WHAT TO DO: Would you write out all the records again, exactly?

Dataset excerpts

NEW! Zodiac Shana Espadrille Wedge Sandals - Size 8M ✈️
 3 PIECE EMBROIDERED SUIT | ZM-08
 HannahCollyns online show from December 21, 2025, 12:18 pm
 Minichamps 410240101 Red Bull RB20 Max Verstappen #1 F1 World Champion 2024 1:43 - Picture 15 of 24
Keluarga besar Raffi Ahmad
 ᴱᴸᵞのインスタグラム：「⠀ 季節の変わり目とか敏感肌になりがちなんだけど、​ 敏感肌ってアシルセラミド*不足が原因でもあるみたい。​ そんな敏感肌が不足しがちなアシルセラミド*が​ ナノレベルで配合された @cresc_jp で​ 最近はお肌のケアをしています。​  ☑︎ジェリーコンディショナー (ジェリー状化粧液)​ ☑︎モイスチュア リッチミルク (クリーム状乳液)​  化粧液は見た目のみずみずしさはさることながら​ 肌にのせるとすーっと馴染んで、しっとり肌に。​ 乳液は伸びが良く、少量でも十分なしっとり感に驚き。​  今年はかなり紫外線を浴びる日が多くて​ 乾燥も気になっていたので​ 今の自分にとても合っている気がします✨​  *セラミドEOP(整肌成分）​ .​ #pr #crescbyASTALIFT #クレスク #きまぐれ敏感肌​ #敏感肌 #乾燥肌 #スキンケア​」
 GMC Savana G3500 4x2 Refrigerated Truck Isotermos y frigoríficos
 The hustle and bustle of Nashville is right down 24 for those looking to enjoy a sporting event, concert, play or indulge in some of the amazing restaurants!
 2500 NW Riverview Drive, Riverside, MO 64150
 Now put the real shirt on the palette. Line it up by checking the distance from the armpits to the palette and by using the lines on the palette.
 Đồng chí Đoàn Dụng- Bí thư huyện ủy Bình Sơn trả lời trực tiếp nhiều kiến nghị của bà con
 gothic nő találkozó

FINISHED TASK:
NEW! Zodiac Shana Espadrille Wedge Sandals - Size 8M ✈️
 3 PIECE EMBROIDERED SUIT | ZM-08
 HannahCollyns online show from December 21, 2025, 12:18 pm
 Minichamps 410240101 Red Bull RB20 Max Verstappen #1 F1 World Champion 2024 1:43 - Picture 15 of 24
Keluarga besar Raffi Ahmad
 ᴱᴸᵞのインスタグラム：「⠀ 季節の変わり目とか敏感肌になりがちなんだけど、​ 敏感肌ってアシルセラミド*不足が原因でもあるみたい。​ そんな敏感肌が不足しがちなアシルセラミド*が​ ナノレベルで配合された @cresc_jp で​ 最近はお肌のケアをしています。​  ☑︎ジェリーコンディショナー (ジェリー状化粧液)​ ☑︎モイスチュア リッチミルク (クリーム状乳液)​  化粧液は見た目のみずみずしさはさることながら​ 肌にのせるとすーっと馴染んで、しっとり肌に。​ 乳液は伸びが良く、少量でも十分なしっとり感に驚き。​  今年はかなり紫外線を浴びる日が多くて​ 乾燥も気になっていたので​ 今の自分にとても合っている気がします✨​  *セラミドEOP(整肌成分）​ .​ #pr #crescbyASTALIFT #クレスク #きまぐれ敏感肌​ #敏感肌 #乾燥肌 #スキンケア​」
 GMC Savana G3500 4x2 Refrigerated Truck Isotermos y frigoríficos
 The hustle and bustle of Nashville is right down 24 for those looking to enjoy a sporting event, concert, play or indulge in some of the amazing restaurants!
 2500 NW Riverview Drive, Riverside, MO 64150
 Now put the real shirt on the palette. Line it up by checking the distance from the armpits to the palette and by using the lines on the palette.
 Đồng chí Đoàn Dụng- Bí thư huyện ủy Bình Sơn trả lời trực tiếp nhiều kiến nghị của bà con
 gothic nő találkozó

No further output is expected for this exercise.